- [Task brief]: Copy each entry below unchanged; the images do not go in the copy.

- [Exercise data]:
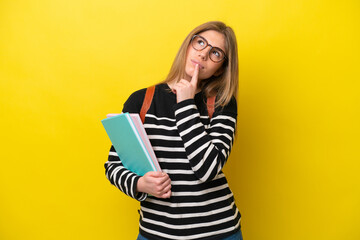 Young student woman isolated on yellow background background having doubts while looking up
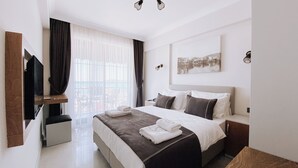 A hotel room with a bed, a TV, a window with curtains, and a painting on the wall. - THE PİER OF URLA (Urla)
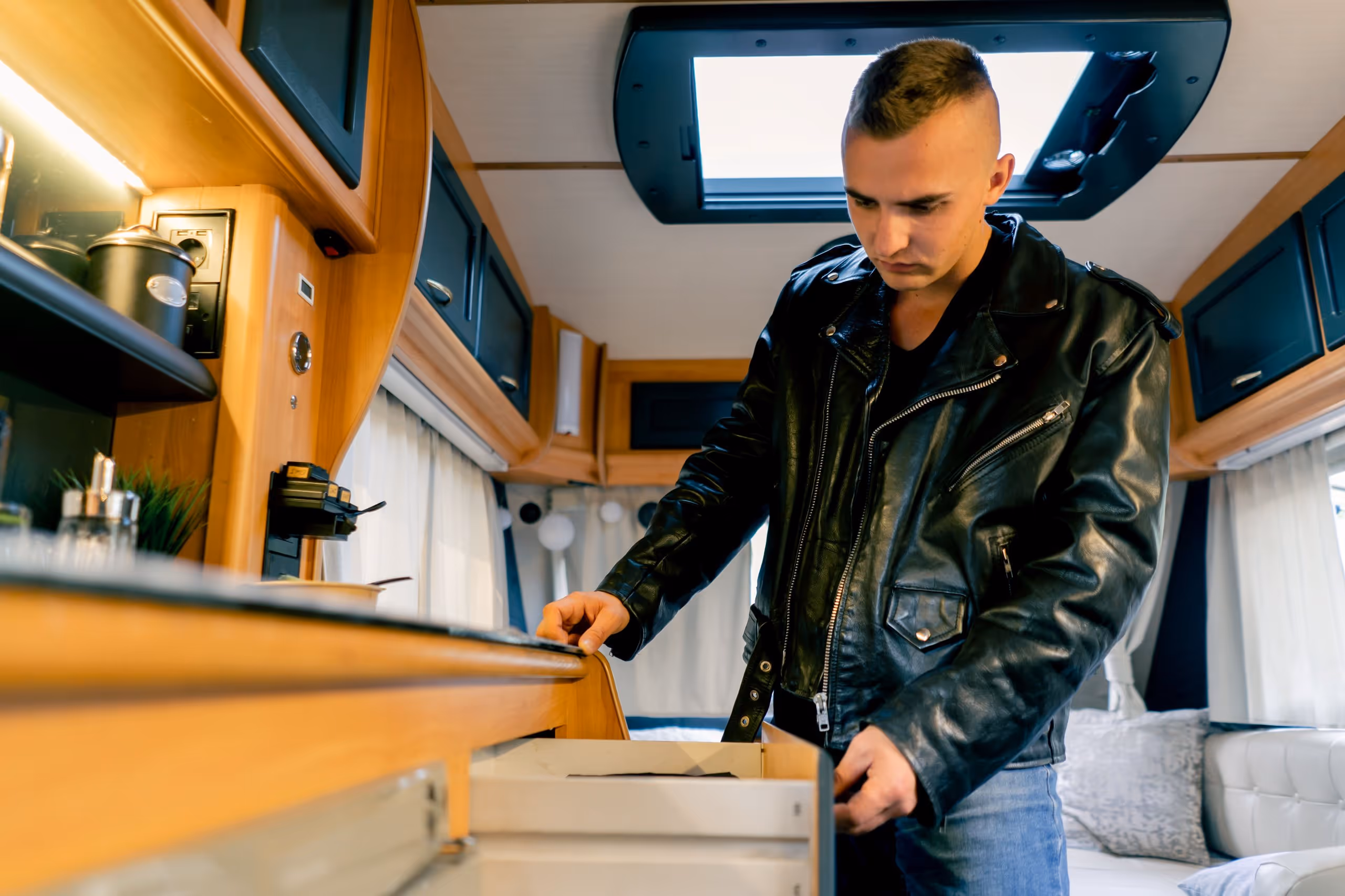 Ein junger Mann in schwarzer Lederjacke öffnet eine Schublade in einem Holzinterieur eines Wohnmobils.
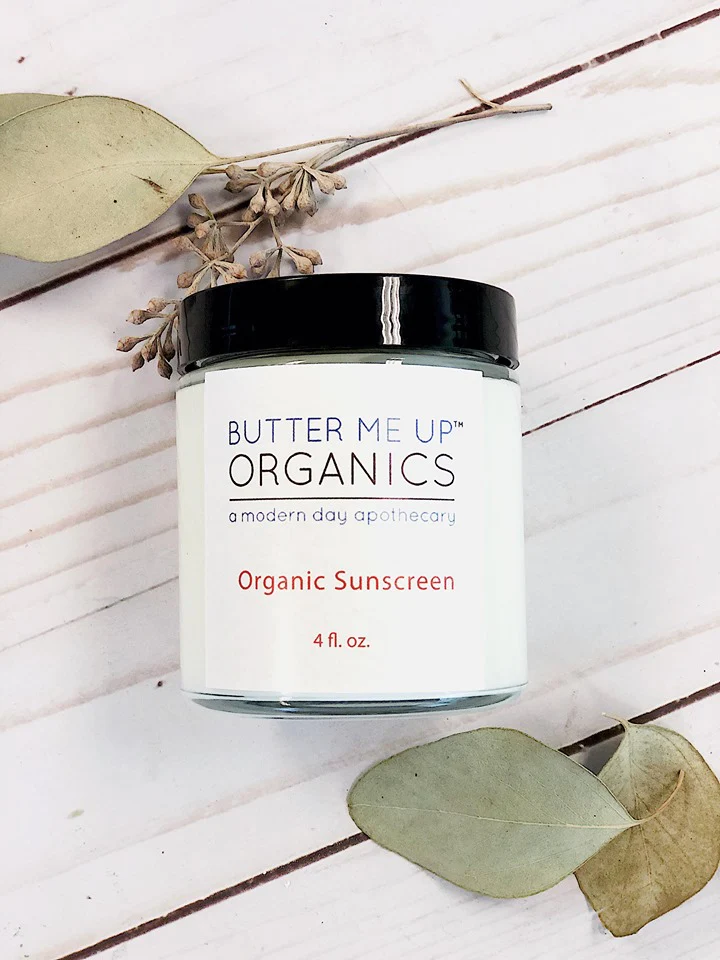A clear jar with the label that reads "Butter Me Up Organics(tm) Organic Sunscreen. A modern day apothercary" with a black lid, containing a white cream. The label includes the brand name and product details. Butter Me Up Organics is available at Luca Essentials.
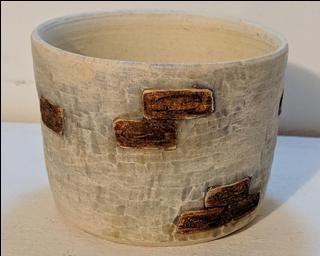 Adorn your home with this one of a kind glazed planter.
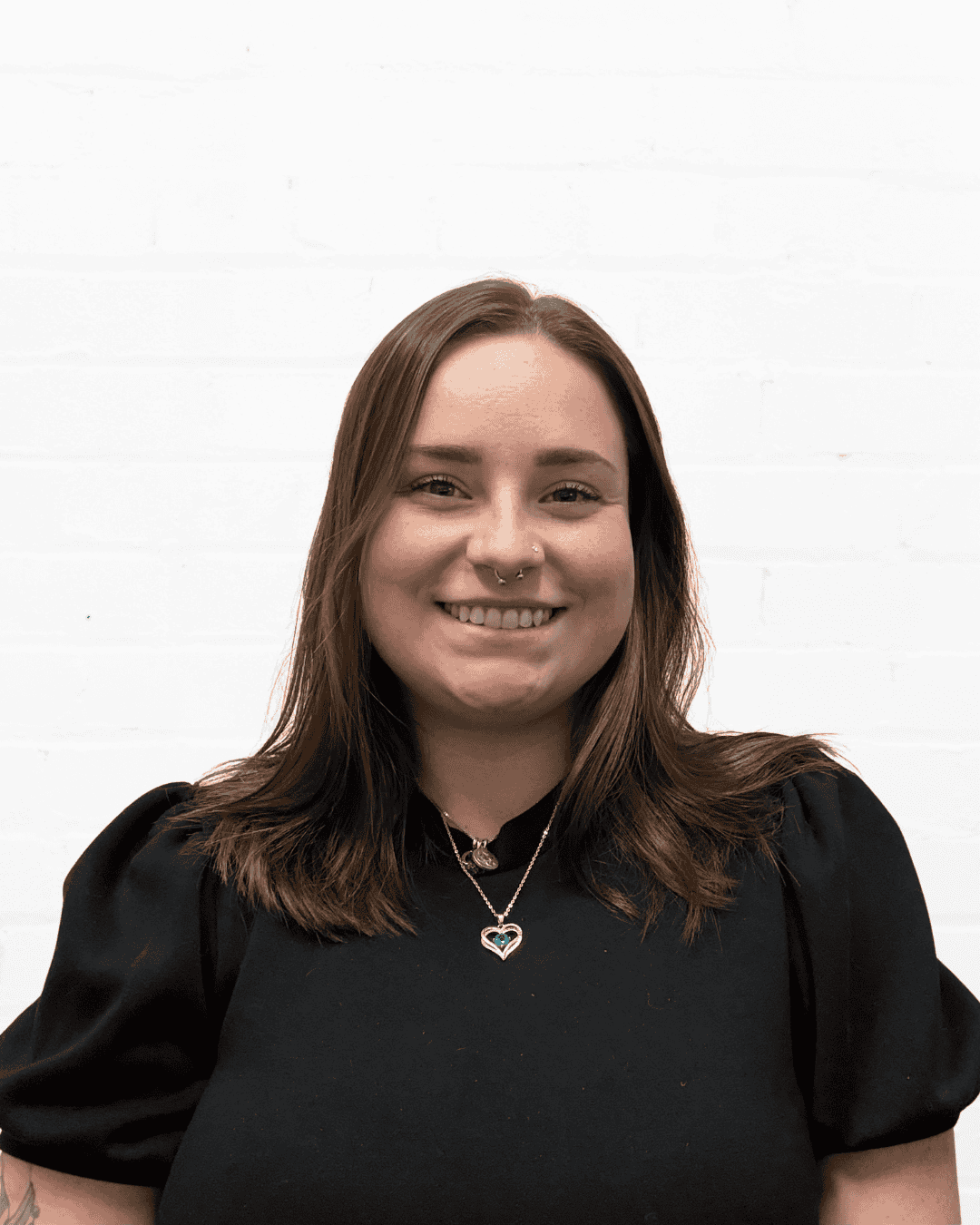 Woman smiling, promoting communication skills and coaching services at All About Communication.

- [Answer to this task]:
 Young student woman isolated on yellow background background having doubts while looking up
 A hotel room with a bed, a TV, a window with curtains, and a painting on the wall. - THE PİER OF URLA (Urla)
 Ein junger Mann in schwarzer Lederjacke öffnet eine Schublade in einem Holzinterieur eines Wohnmobils.
A clear jar with the label that reads "Butter Me Up Organics(tm) Organic Sunscreen. A modern day apothercary" with a black lid, containing a white cream. The label includes the brand name and product details. Butter Me Up Organics is available at Luca Essentials.
 Adorn your home with this one of a kind glazed planter.
 Woman smiling, promoting communication skills and coaching services at All About Communication.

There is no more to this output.